図書館・情報学関連の雑記、読書ノート、音楽ノート、日常生活の愚痴など。

著者曰く“男は変わらない。変えられるのは自分の選択だけだ”

2012-01-30 09:22:00 | 読書ノート
サンドラ・L.ブラウン『その男とつきあってはいけない!:あなたを不幸にする“危険な男”の見抜き方』江口泰子訳, 飛島新社, 2011.

  ハウトゥーものだが、軽妙なイラストによる表紙と違って中身はかなり真剣。“女性の感情や肉体を傷つけ、経済的、性的、精神的な健全性を損なう、あらゆるタイプの男”(p25)から、女性が逃れる方法を説いている。著者はカウンセラーで、20年ほど男女間の虐待の事例を扱ってきたらしい。実際、被害女性の実例が豊富である。

  著者の言う「危険な男」には、DVを振るう男や中毒者だけでなく、母親役を女性に求めるタイプや、仕事や趣味に没頭しているかまたは体目当てでそもそも相手女性との精神的なつながりに関心が無いタイプ、結婚詐欺師のようなタイプまで入る。こういう男をパートナーにもった女性の人生はボロボロになるので、どうやって彼らを見分けたら良いかをチェックリストで教えてくれる。

  だが、恋に落ちている中でつきあっている男がそうでないかを見極めるのは難しい。そこで、著者は、体の異常やわきおこるちょっとした不快な感情を「危険信号」として察知せよ、と女性たちにアドバイスする。男としては、そんな不確実なものに頼っていいのかという疑問が起こるのだが…。

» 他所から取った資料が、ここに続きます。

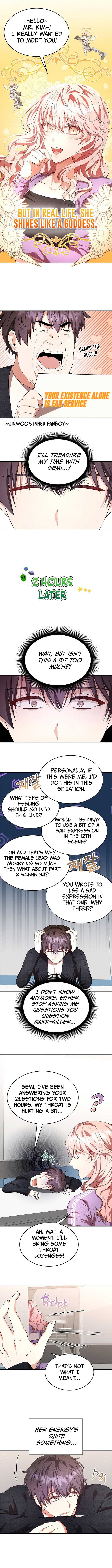 A Genius Writer’s Random Workplace Chapter 6 48 chap 5 5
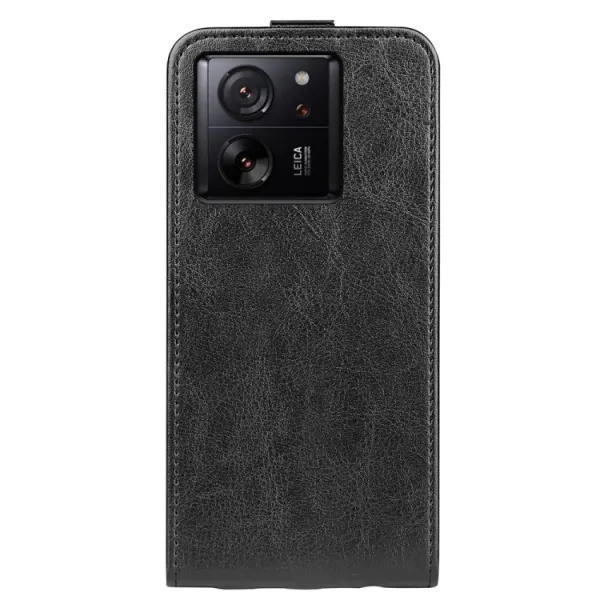 Vyklápacie puzdro Xiaomi 13T / 13T Pro čierne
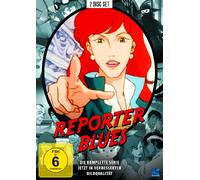 Reporter Blues-Die komplette Serie [Import]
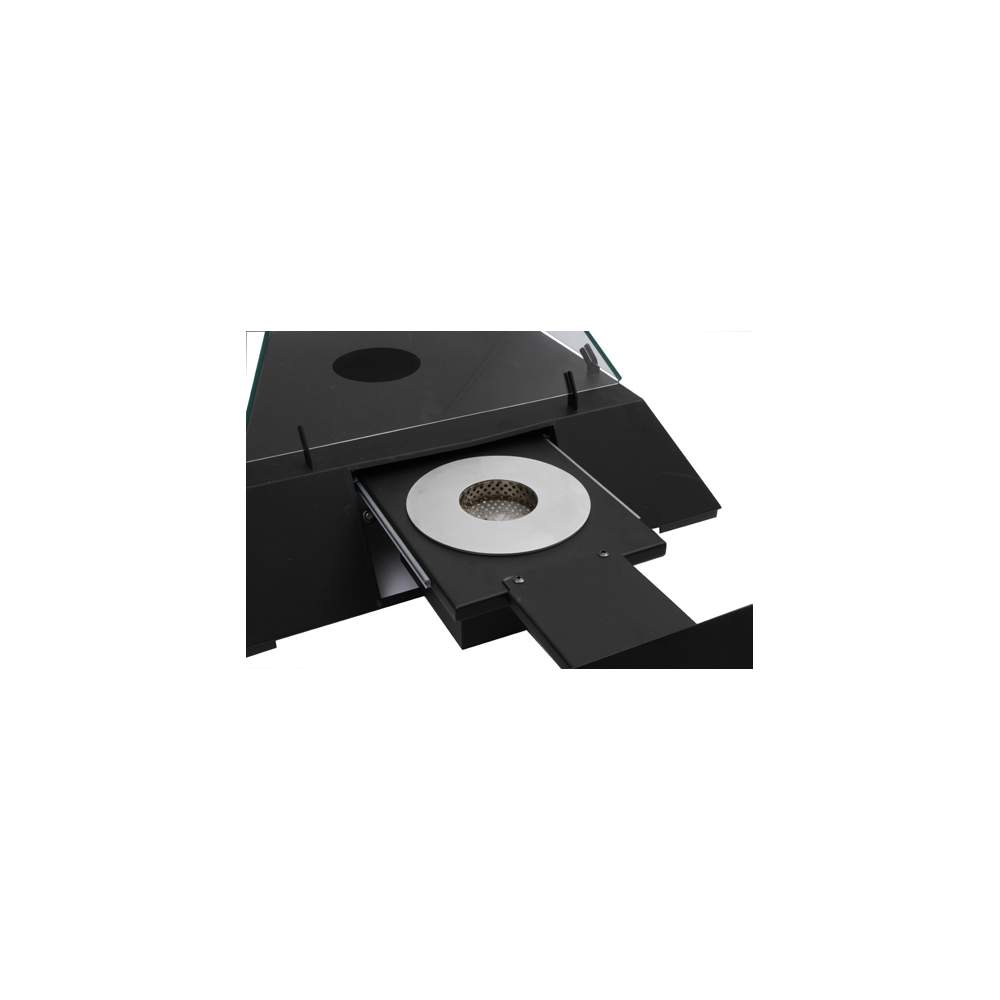 Camino a Bioetanolo a forma di Piramide in Vetro Las Vegas Jumior GMR Trading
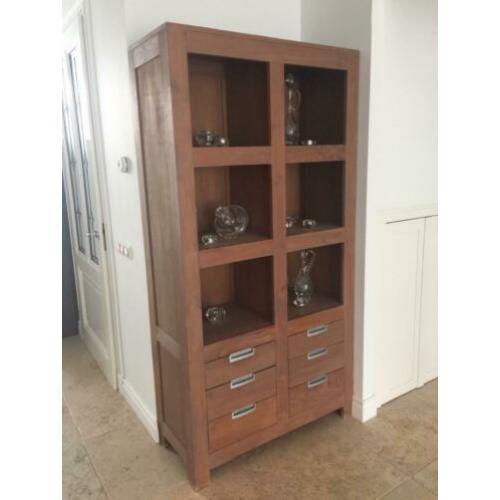 Meubelset teak hout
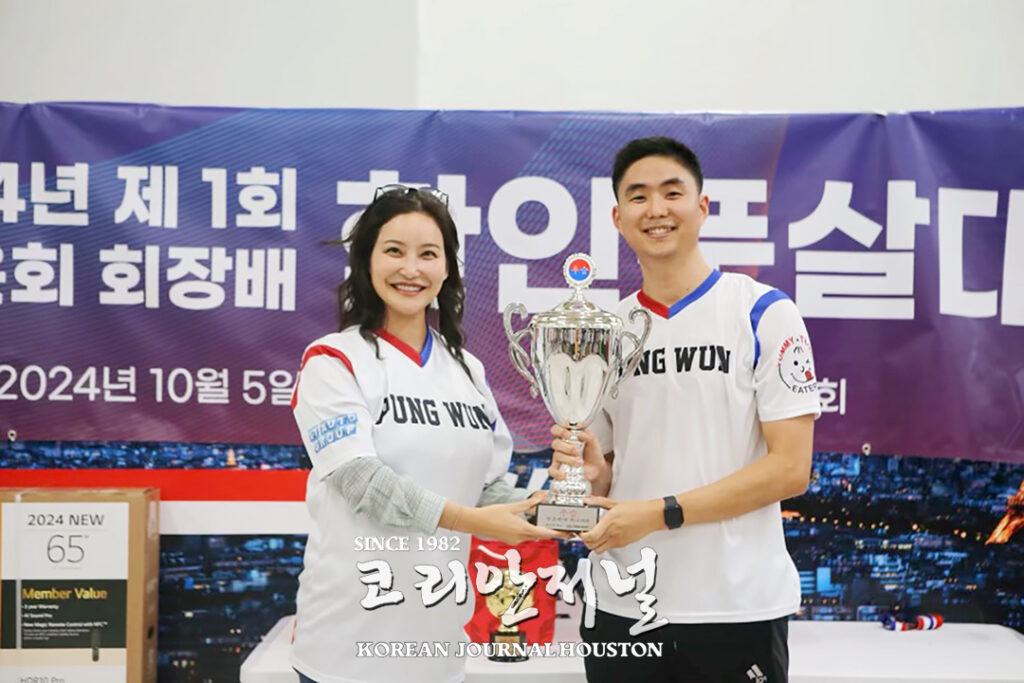 1 1 메인사진차세대 한인들 한자리에 풍운회장배 풋살대회 대성황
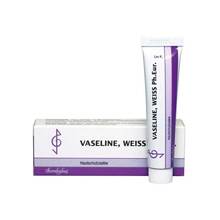 Abbildung: Vaseline Weiss Dab 10 ml, Fettsalbe PZN 08917695 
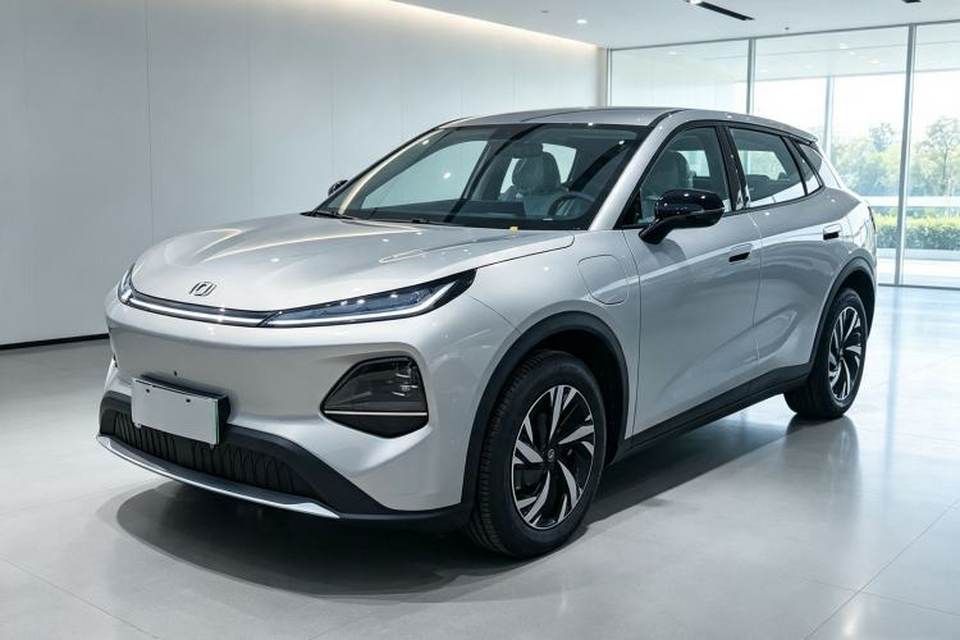 CHANGAN NEVO Q05 2026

  全体として、記述は経験に裏打ちされているもの、男性の分類が適切かどうかは微妙である。また、著者が挙げたような悪い男性に捕まってしまう女性の心理を詳しく知りたいところだが、そういった箇所は少ない。精神病理学的な装いはあるものの、あくまでカウンセラーによる女性向けハウトゥーである。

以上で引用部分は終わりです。